At the College of Charleston, he’s happy to see creationist texts in the library. And he likes to see religion be part of the college’s Darwin Week.
Then again, he also belongs to Americans United for the Separation of Church and State.
Creationism serves an important role. He just likes it confined to religion or philosophy classes. Or church.
Dillon is a man who likes categories, mentally filing away details, organizing definitions into their proper, logical files. “I’m never conflicted in what I do,” Dillon says, grinning.
So was he ever conflicted over devoting his professional life to studying freshwater snails?
Dillon scrubs his chin for a minute, thinking.
Out of biology’s vast spectrum, he’s not sure why he came into this specialty. As a boy, he loved fossils, snails, anything he could dig up and analyze.

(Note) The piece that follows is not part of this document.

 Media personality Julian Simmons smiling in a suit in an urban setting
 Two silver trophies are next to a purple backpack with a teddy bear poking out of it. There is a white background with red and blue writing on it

At one point, he had 14 snakes and several critter collections.
His sophomore year in high school, he decided to become a college professor and study the natural world. Choosing snails was more a matter of sloughing off other interests than choosing snails for any reason.
He’s on sabbatical now. A top freshwater snail expert in North America, he’s traveling the country in his Nissan pickup, kayak and boots in back, hunting for gastropods.

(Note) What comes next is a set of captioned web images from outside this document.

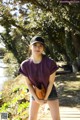 A young woman wearing a baseball cap and holding a baseball glove.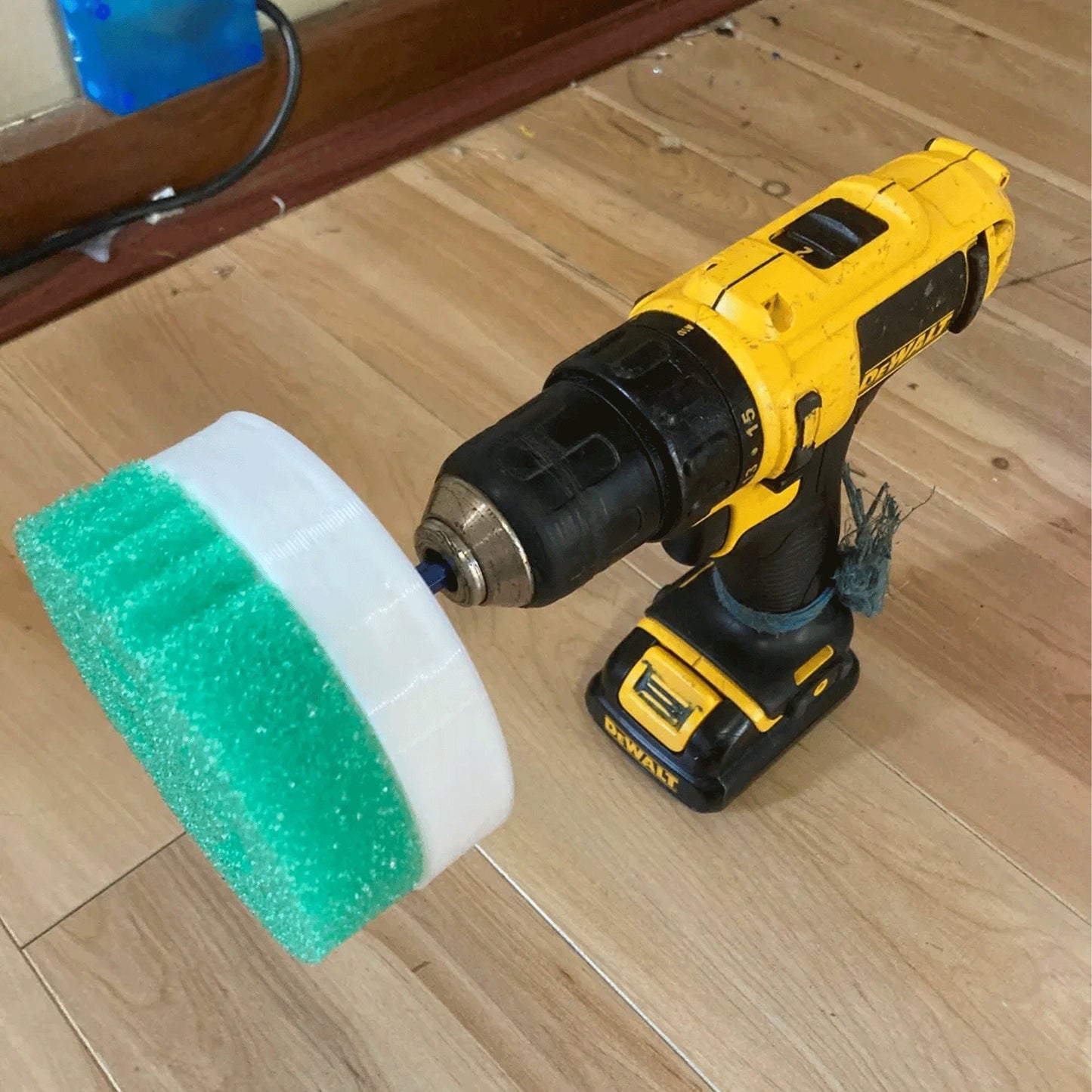 a drill and a sponge on a wooden floor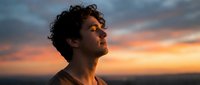 Young man with curly hair looking up peacefully at colorful sunset sky, expressing hope, gratitude and spiritual connection during golden hour meditation.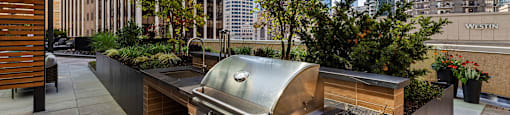 a barbecue grill on a patio with skyscrapers in the background
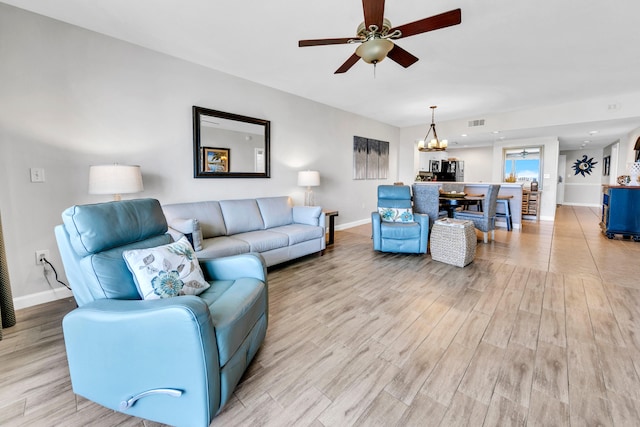 living room featuring baseboards, light wood-style flooring, visible vents, and ceiling fan with notable chandelier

He works with state agencies in charge of water quality that store soil samples chock-full of microinvertebrates for their own studies. Dillon sifts through the samples to take painstaking counts of snail remains contained therein.
He compiling his findings on Freshwater Gastropods of North America, an online state-by-state database of 15 species distributions. One day, he hopes to have the entire country tallied and entered.

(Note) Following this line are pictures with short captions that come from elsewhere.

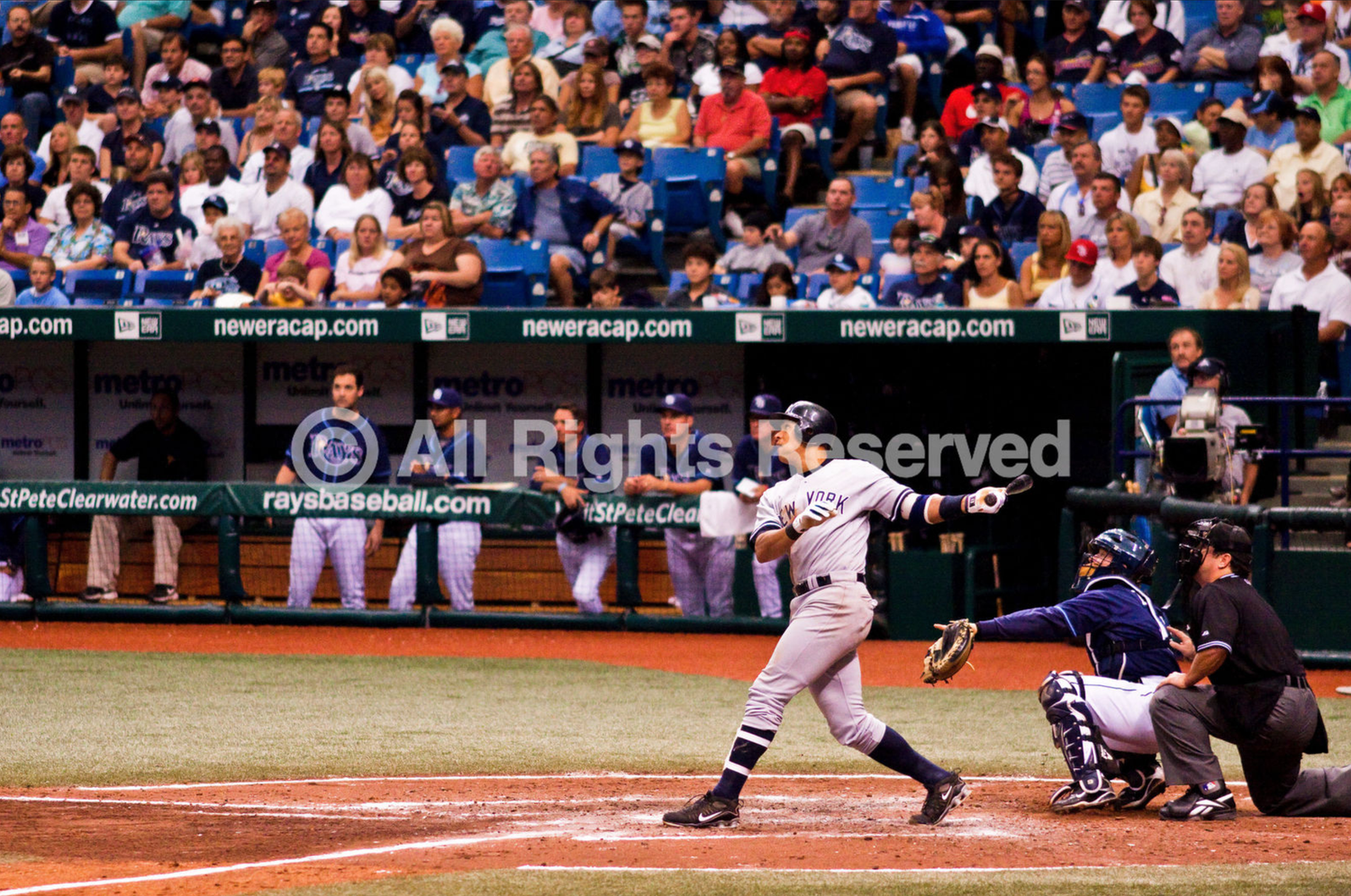 A baseball batter takes a swing at home plate during a professional game at Tropicana Field with fans in the background.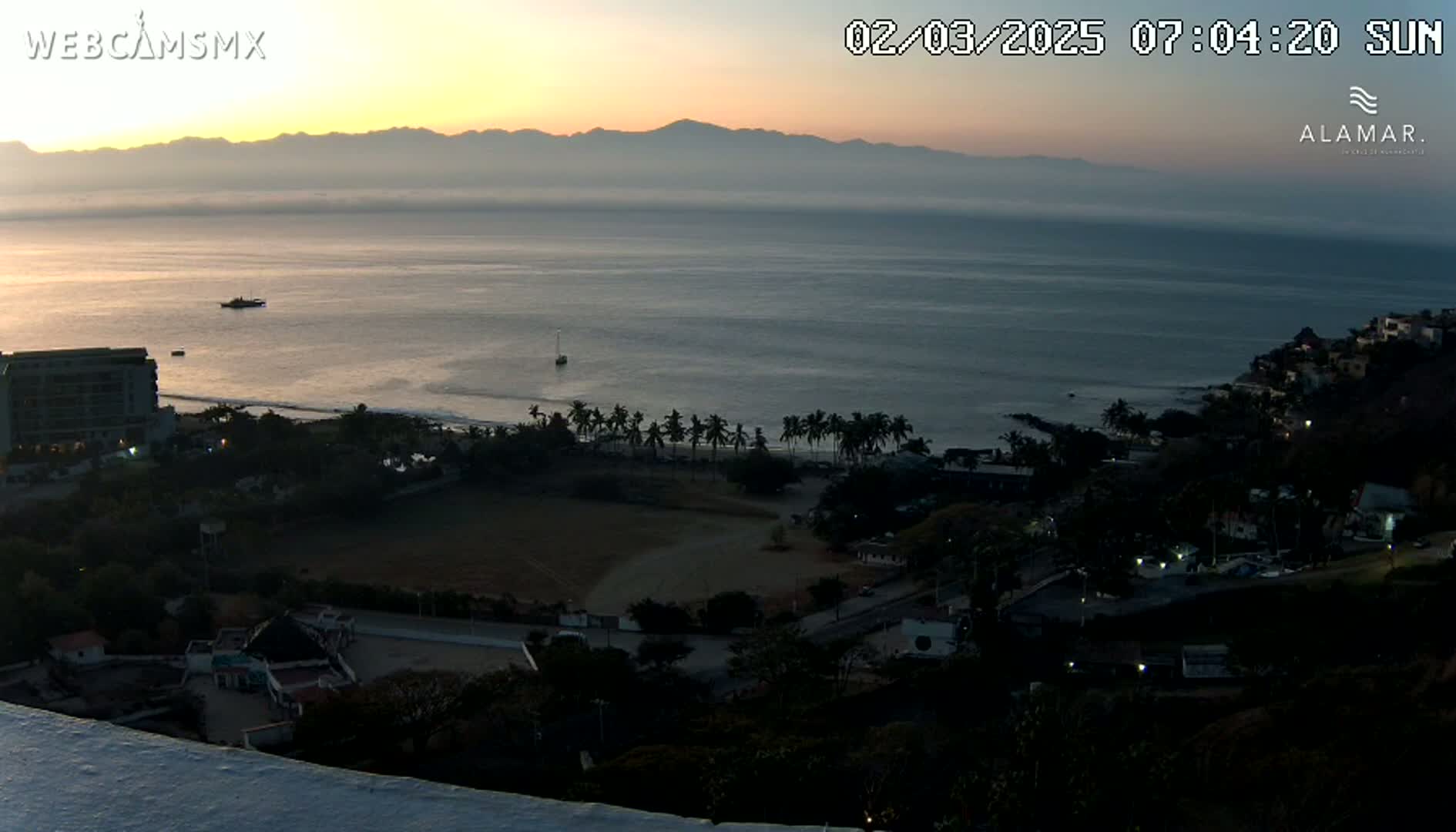 A coastal scene at sunrise shows a calm ocean, a beach with palm trees, and buildings nestled along the shoreline, with mountains visible in the distance.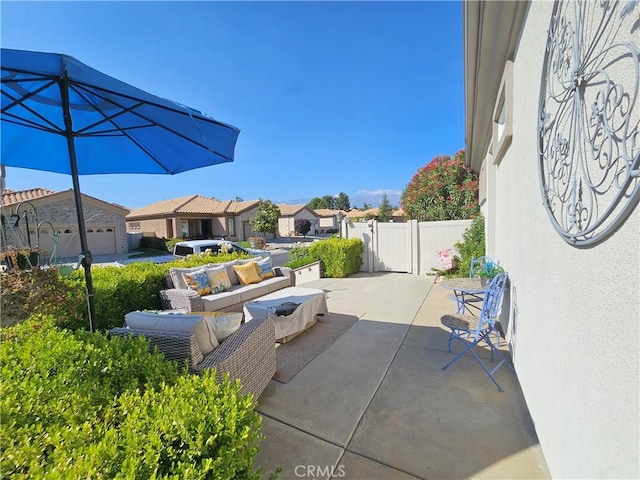 view of patio featuring outdoor lounge area, a residential view, and fence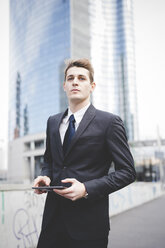 Portrait of young businessman commuter using digital tablet. - CUF27375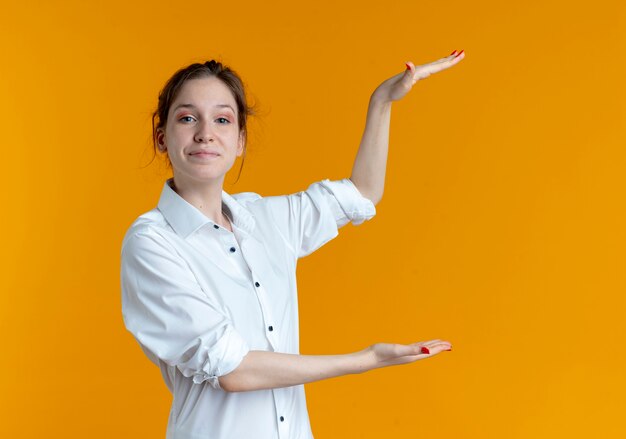 La giovane ragazza russa bionda felice finge di tenere qualcosa di isolato sullo spazio arancione con lo spazio della copia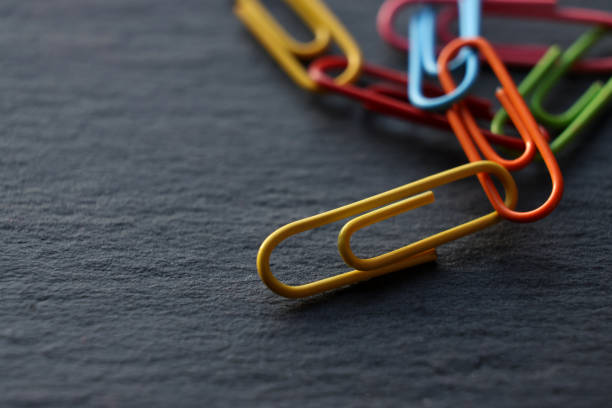 istock Paper clip on black background 1401422757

“Conservation is the ultimate goal,” Dillon says. “Nobody really knows what’s rare and what is endangered.”
And don’t get him started on the term “endangered.”
“That is a political term,” he said, one based on predictions of what will happen to a species in the future, usually due to mankind’s activities. “That involves a value judgment. It doesn’t mix in with science.”
At 57, the father of two grown children scans his cozy genetics lab with pride.
He’s taught and researched here for 30 years, publishing and sending forth countless students. Years ago, he and two others discovered a new snail species, Physa carolinae, in a Johns Island ditch.
Now college officials are considering renovating the old science building. Dillon looks around his office, cluttered with NASCAR flags, books, papers and old metal filing cabinets.
Then he grins widely. Maybe it’s a new cause to fight.